The Redistricting Game: Parties 2, Citizens 0

By Timothy Sherratt
Published November 14th 2005 in Capital Commentary, Center for Public Justice
When we remember a ballgame because of the umpire's calls, it is not a good sign. Umpires are supposed to be fair to the point of invisibility. But all the same, umpires should umpire and players should play. Well, welcome to redistricting American-style, where there are no umpires and players make the rules.

Every ten years following the census, legislative district maps are redrawn to reflect changes in population. But the process is run by elected officials whose principal interest is the distribution of votes in their party's favor. The majority party concentrates its opponents into a handful of districts, thus permitting its own candidates to coast to reelection in districts from which opponents have been surgically removed. The minority party enjoys a few safe seats while the rest of its candidates lose heavily in redrawn and unbalanced new districts.

This method of redistricting destroys competition by creating one-party districts. One-party districts, in turn, create one-dimensional candidates. One-dimensional candidates lead to ideologically polarized politics and often to governments that cannot govern.

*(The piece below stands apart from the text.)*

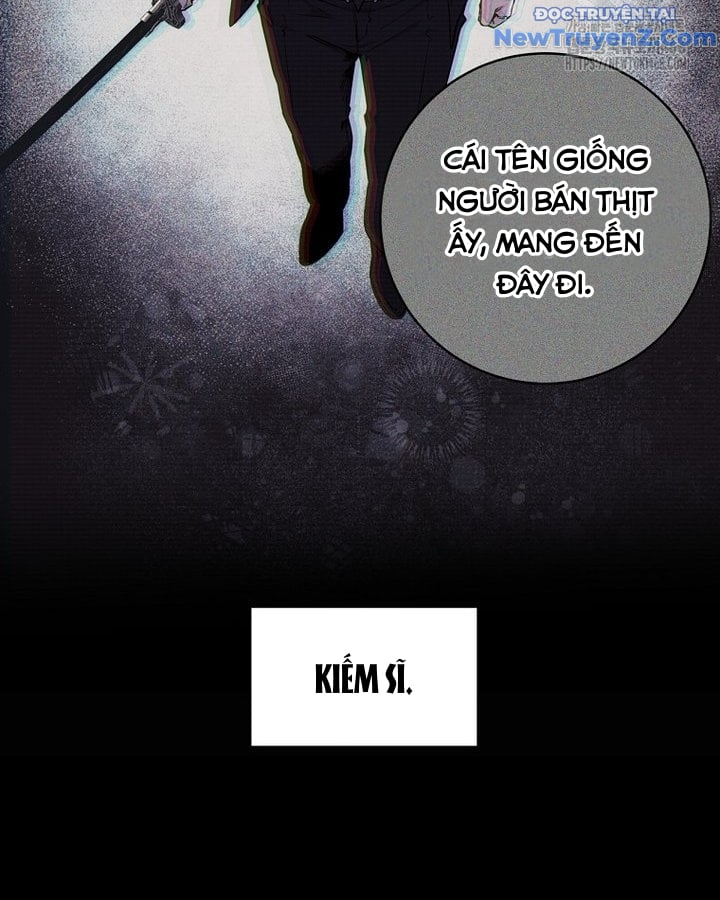 Công Chức Cấp Kiếm Thần Hồi Quy Chap 41 - Next Chap 42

On November 8, voters in California and Ohio rejected two worthy measures intended to wrest redistricting away from elected officials and make it subject to independent commissions. California's Proposition 77 would have had legislators selecting a three-judge panel of retired judges to draw up legislative districts.

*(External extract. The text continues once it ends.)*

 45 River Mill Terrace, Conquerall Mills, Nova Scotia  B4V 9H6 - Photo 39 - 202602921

Ohio's measure called for sitting judges to select two members of a five-member commission. The commission was mandated to use competitiveness as a primary criterion for the creation of a new district. According to the Secretary of State's Office, the redistricting commission would be able to "consider whether to alter a given redistricting plan to preserve communities of interest based on geography, economics, or race" as long as this did not completely abandon the competitiveness standard. Ohio's plan would have achieved nonpartisan redistricting guided by important criteria of representativeness. But this plan at best offered only half a loaf. It's true that a balance of political forces is desirable in single-member districts. Competition increases turnout and forces candidates to defend their proposals and consider alternatives. Competition reminds the winning candidate that she represents the entire district.

Unfortunately, the competition the Ohio proposal intended to foster is limited to the two main parties--two parties that hardly represent the broad range of citizens' views. No political party deserves government support for its candidates simply because competitive elections are desirable.

Elections instead should ensure that all significant points of view are reflected in the outcome, the equivalent of holding up a mirror to society. Thus, competitiveness, geographic location, race, and economic status may all be important factors in achieving faithful representation. Ohio's plan merely pitted these criteria against one another. What should be done?

Under systems of proportional representation (PR), it is much easier to accommodate all the criteria for fair representation without sacrificing one for another. Multiple parties that result from PR can represent communities of interest based on race, economics, and geography--not to mention a wide range of political viewpoints and even religious confessions.

Legislatures produced by PR are more representative than the polarized legislatures produced in the American system. PR guarantees a seat at the table for a wider range of perspectives, in proportion to their presence in society. Under PR, parties receive no undue privilege, and citizens' votes shape the outcome.

Until we try something like PR, all these other changes will do little to redress citizens' feelings of powerlessness or create a genuine and full competition of viewpoints.